When I checked my email this morning, I saw an announcement for Amazon Elastic MapReduce. This is built on an open-source project called Hadoop, which I’ve been following off an on for the last couple of years. It recently made the New York Times, and there’s a nice picture of the relevant geeks on the front of the article.
Hadoop provides an implementation of a simple distributed computing algorithm called Map/Reduce. What Map/Reduce does is allow a user to split a computation job up into smaller units that can be distributed across a large number of servers to speed computation. Google pioneered the technique to build, well, Google. The Hadoop project also includes a distributed file system (allowing management of large quantities of data), and a distributed database system. The latter is similar to the Google’s BigTable system, which underlies most of Google’s applications, including (to my understanding) Google Health.
What’s new today is ease of access. People have been running Hadoop on Amazon for a while, and Amazon has just taken some of the configuration hassles away, including integrating Hadoop into the AWS Console. That’s an interesting decision in and of itself, since Amazon hasn’t gotten around to implementing management for S3 (their storage product, the first cloud offering they made) or some of their other, more established, features. I think it means they’re signaling to third party developers that they’re trying hard not to stomp on external innovation.
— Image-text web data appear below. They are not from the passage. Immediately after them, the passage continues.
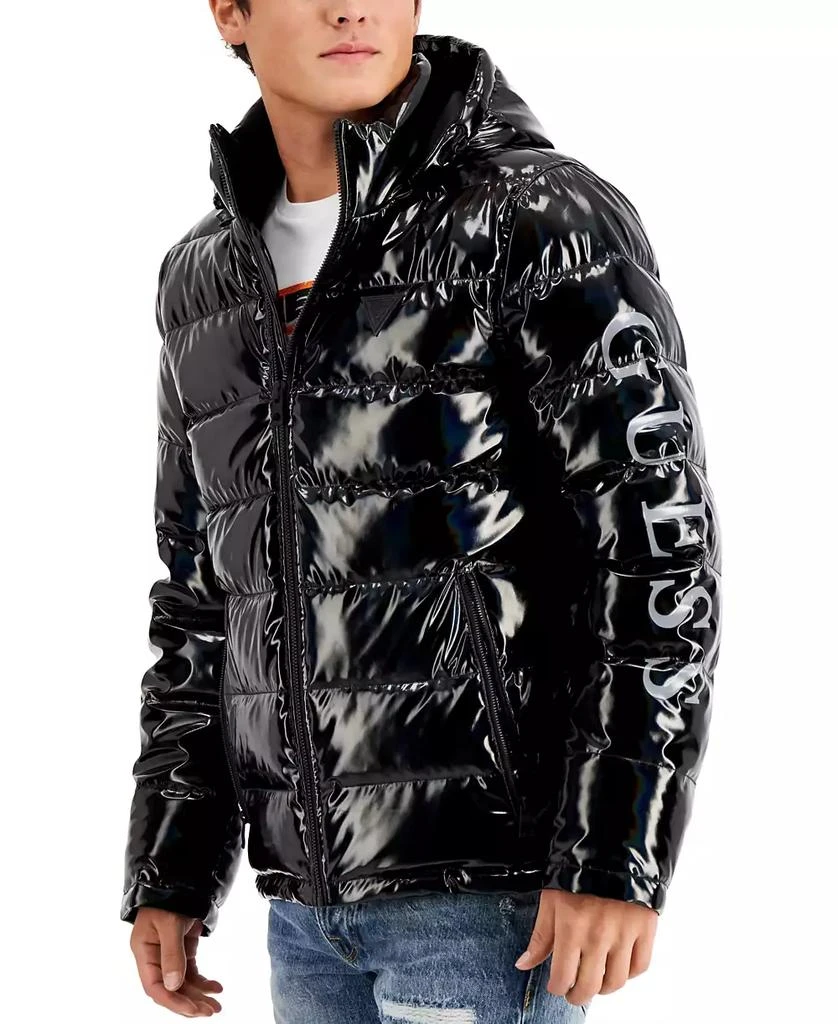 商品GUESS|Men's Holographic Hooded Puffer Jacket,价格¥683,第3张图片详细描述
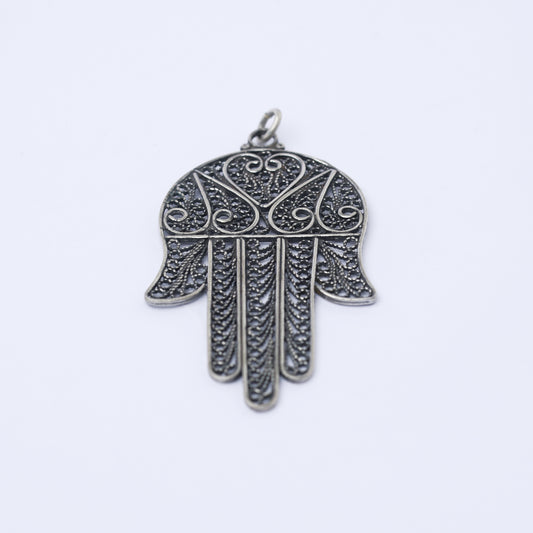 Vintage Israeli Sterling Silver Filigree Hamsa Pendant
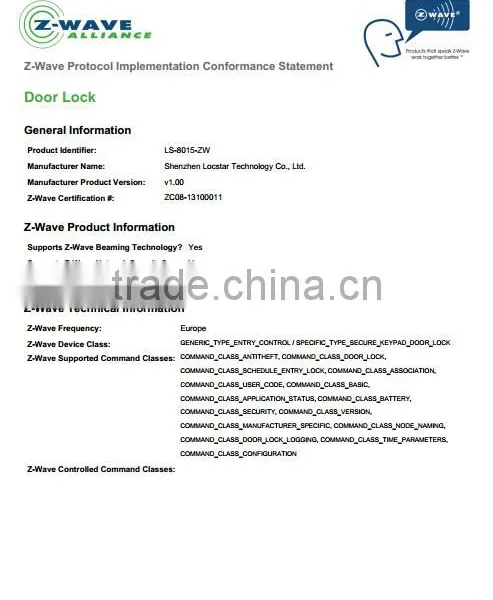 906.42MHz (US) / 868.42MHz(EU) / 921.42MHz(AU) Electronic Zwave Lock photo-4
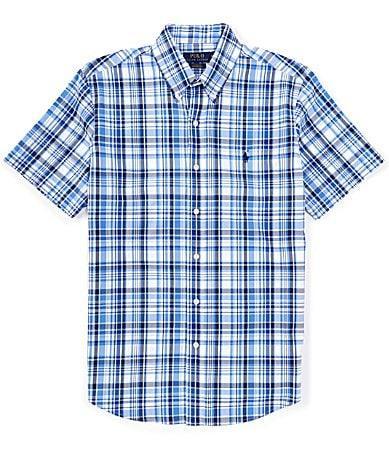 Polo Ralph Lauren Classic Fit Plaid Performance Stretch Short Sleeve Twill Woven Shirt Product Image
In the informatics world, Hadoop means scale. Genetic analysis algorithms are susceptible to the Map/Reduce framework. So is number crunching for claims analysis and public health reporting, and data management for large personal health applications. Right now I’m working with a couple of very innovative projects as part of a Translational Informatics on the Cloud “palaver” organized by Professors Peter Tonellato and Dennis Wall at Harvard Medical School. Peter and Dennis, in particular, are doing some very interesting projects, and you can watch along on the weekly web casts. We haven’t talked about how their work would change with these algorithms and this infrastructure, but if the problems are amenable a lot of the purely logistical problems they’ve been grappling with will go away.
All of this blends into a larger theme – tools that put researchers and developers closer to solving a problem, with less time spent on plumbing. Hadoop was vaguely scary technology to get running, particularly for people whose primary interest isn’t infrastructure. Now it isn’t.